In hindsight, with your comment, I can see several issues in the thought process, and so consequently with my corrected statement as well. Your point about the bigger J is very valid. [For those who are unfamiliar with the way that sails are measured, in a general way, J is the dimension from the tack of the jib to the base of the mast. In racing rules, and more loosely for cruising sails, the girths (horizontal width measurement limits) of a spinnaker are derived as a multple of the boat's J measurement.] When you look at cutter rig, it generally has a very large J as compared to a sloop with a similar area 100% foretriangle. Consequently, since the centerline length of a spinnaker does not increase above length of a jib luff, but the width is a multiple of the J, the cutter would be expected to have a larger area in its spinnaker for any given 100% foretriangle area, albeit at a lower aspect ratio, making a cutter's chute better for sailing dead downwind but not as effective for reaching.

Somewhat mitigating against the larger area implied by the larger J, is the fact that cutters generally have less SA/D's if calculated as only the 100% foretriangle area (i.e. without the area of the jibstaysail).

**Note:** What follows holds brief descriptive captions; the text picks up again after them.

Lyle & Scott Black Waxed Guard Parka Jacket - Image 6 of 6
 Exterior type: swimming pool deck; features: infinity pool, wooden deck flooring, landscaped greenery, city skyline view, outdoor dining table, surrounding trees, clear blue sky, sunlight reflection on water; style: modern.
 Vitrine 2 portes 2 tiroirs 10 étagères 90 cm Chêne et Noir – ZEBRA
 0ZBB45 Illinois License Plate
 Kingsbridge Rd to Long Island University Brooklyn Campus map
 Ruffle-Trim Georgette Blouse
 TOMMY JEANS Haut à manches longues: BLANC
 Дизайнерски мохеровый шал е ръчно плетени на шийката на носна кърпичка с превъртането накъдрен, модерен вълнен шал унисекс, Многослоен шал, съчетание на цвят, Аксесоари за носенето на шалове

But even that is not true in all cases. Boats like Bob's Tayana 37, which has a proportionately high aspect ratio rig for a cutter, and the large J typical of cutters, could carry a very large chute even when compared on a SA/D basis.

I have no idea what a 'fractional cutter' is either. If I typed 'fractional cutter' and it appears in my write up, I apologize. 'Fractional cutter' strikes me as even worse than my other pet peeve term, the insidious and lubberly term "Cutter Ketch".

PaulinVictoria:
I did not say that a masthead rig sucks. In my mind, it is one of the better rigs out there for small boats. But as compared to a fractional rig, absent some racing rule that favors masthead rigs, a masthead rig has no real advantage over a fractional rig, while fractional rigs tend to be more efficient, easier to handle, and less expensive to construct and maintain. While this may sound a subtle distinction, the comparison to a fractional sloop does not make masthead sloop rig a bad rig. It just makes it an inferior rig as compared to a fractional rig. Sail on....

Jeff


----------



## PaulinVictoria (Aug 23, 2009)

I know Jeff  I like my honking great headsails and tree trunk mast, they look fantastic compared to those prissy little fractional jibs with their spindly bendy masts.
Actually, coming to think of it, pretty much all the photos I see of broken masts seem to be on fractional rigs, whether that is a weakness in the rig, or simply because most racers are fractional now, cameras out on the water are more common and generally it's only those idiot racers that are pushing it like that (I'm still waiting to blow up the spinnaker on our J24).
As ever though Jeff, very interesting posts from you.


----------



## Classic30 (Aug 29, 2007)

PaulinVictoria said:


> I know Jeff  I like my honking great headsails and tree trunk mast, they look fantastic compared to those prissy little fractional jibs with their spindly bendy masts.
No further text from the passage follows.